Mme Upreti a été priée de dire ce que le Conseil pourrait faire contre les réactions négatives aux progrès en matière d'égalité des sexes. Quelles mesures concrètes le Groupe de travail conseille-t-il aux États d’adopter pour lutter contre les idéologies religieuses et politiques nuisant à l’égalité, a-t-il également été demandé ?

**Liste des intervenants : Union européenne, Mexique (au nom d'un groupe de pays), Pakistan (au nom de l'Organisation de la coopération islamique), Danemark (au nom d'un groupe de pays), Slovénie, France, Israël, Équateur, Émirats arabes unis, Indonésie, Australie, Suisse, Cuba, Brésil, Luxembourg, Angola, Japon, Iraq, Arménie, Togo, Chine, Inde, Maroc, Pays-Bas, Iran, Venezuela, Fonds des Nations Unies pour la population (FNUAP), États-Unis, Kenya, Népal, Arabie saoudite, Botswana, Namibie, Malaisie, Afrique du Sud, Azerbaïdjan, Soudan, Irlande, Pérou, Belgique, Italie, Géorgie, Royaume-Uni, Mauritanie, ONU Femmes, Fédération de Russie, Panama, Tunisie, Malawi, Cameroun,Center for Reproductive Rights, Inc.,Federation for Women and Family Planning,International Humanist and Ethical Union,Action Canada for Population and Development, Plan International, Inc., British Humanist Association, Right Livelihood Award Foundation, International Lesbian and Gay Association , International Service for Human Rights, Congregation of Our Lady of Charity of the Good Shepherd et Cambodge.

Réponses et remarques de conclusion de la Présidente du Groupe de travail

MME UPRETI a souligné que la jouissance des droits sexuels et procréatifs des femmes et des filles est indispensable à leur survie.
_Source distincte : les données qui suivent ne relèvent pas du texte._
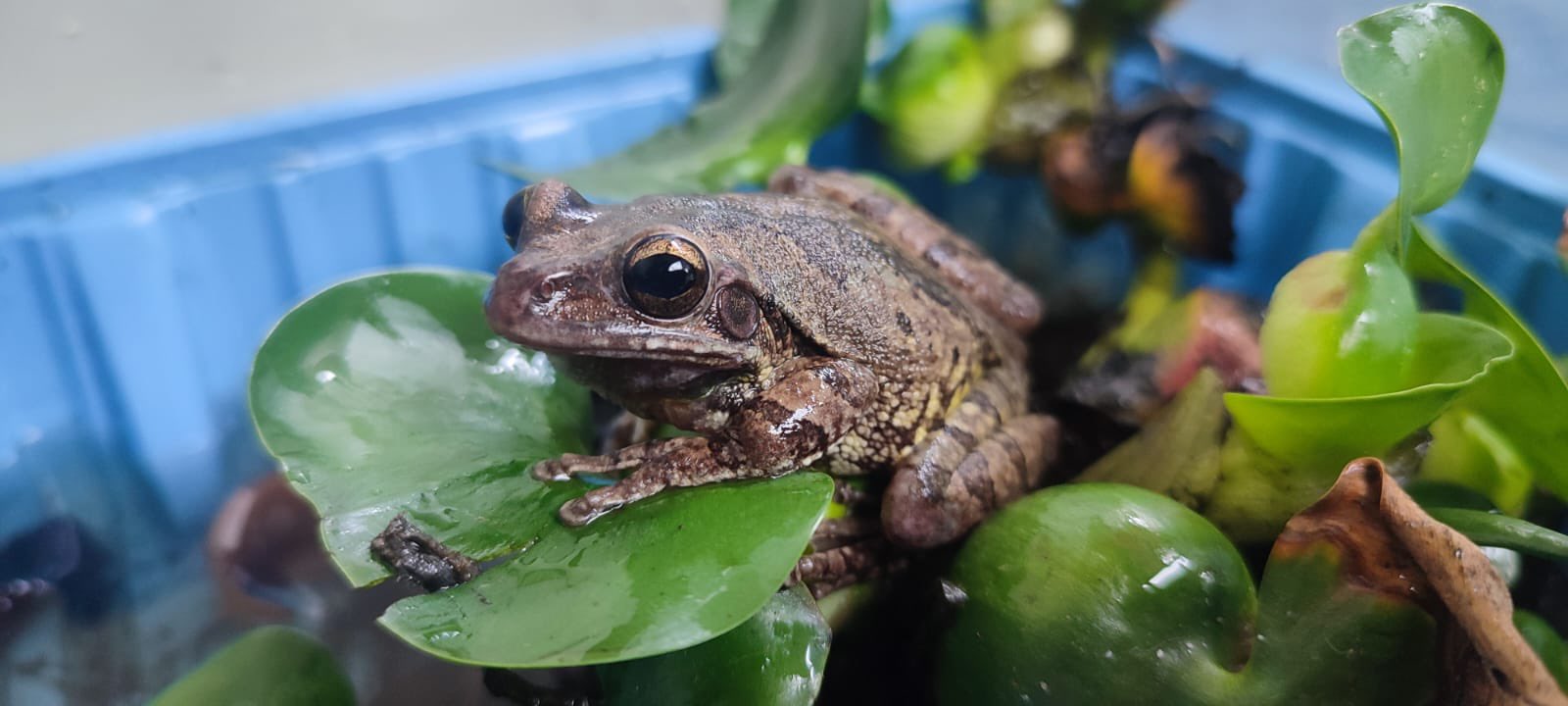 Un reptil, un anfibio y dos mamíferos fueron rescatados del tráfico ilegal en Bogotá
Ces droits sont inscrits dans le droit international, a-t-elle ajouté. Les droits de l’homme sont interdépendants et la discrimination à l’encontre des femmes et des filles dans le domaine de la santé constitue une entrave à leurs droits économiques, sociaux et culturels ainsi qu’à leurs droits civils et politiques.

Le Groupe de travail prend en considération l’expérience des femmes et des filles ainsi que des informations données par les gouvernements, a ensuite indiqué Mme Upreti. Le Groupe a constaté qu’il existe différentes situations de crise avec des conséquences disproportionnées sur les filles, a-t-elle souligné, avant de plaider pour une véritable perspective qui place les femmes et les filles au cœur des analyses.

Une approche intersectionnelle est par ailleurs fondamentale pour lutter contre les discriminations multiples, surtout quand elles sont exacerbées par d’autres violations des droits de l’homme, a poursuivi Mme Upreti. Si ces discriminations ne sont pas combattues, elles continueront à rendre encore plus vulnérables les femmes et les filles, a-t-elle insisté.

Les États ont le devoir de prendre des mesures pour assurer les droits sociaux, économiques et culturels et combattre les discriminations ; et ils ont le devoir d’apporter la preuve qu’ils déploient toutes les mesures nécessaires pour assurer aux femmes la jouissance de leurs droits humains, a rappelé la Présidente du Groupe de travail.

Les États doivent par ailleurs prendre des mesures politiques dans le contexte de la crise de COVID-19 en impliquant les femmes dans les plans de réponse. Il faut éviter d’exacerber la vulnérabilité des femmes et des filles dans ce contexte, a souligné Mme Upreti.

Elle a par ailleurs ajouté que le droit international interdisait d’utiliser la religion pour restreindre les droits de femmes.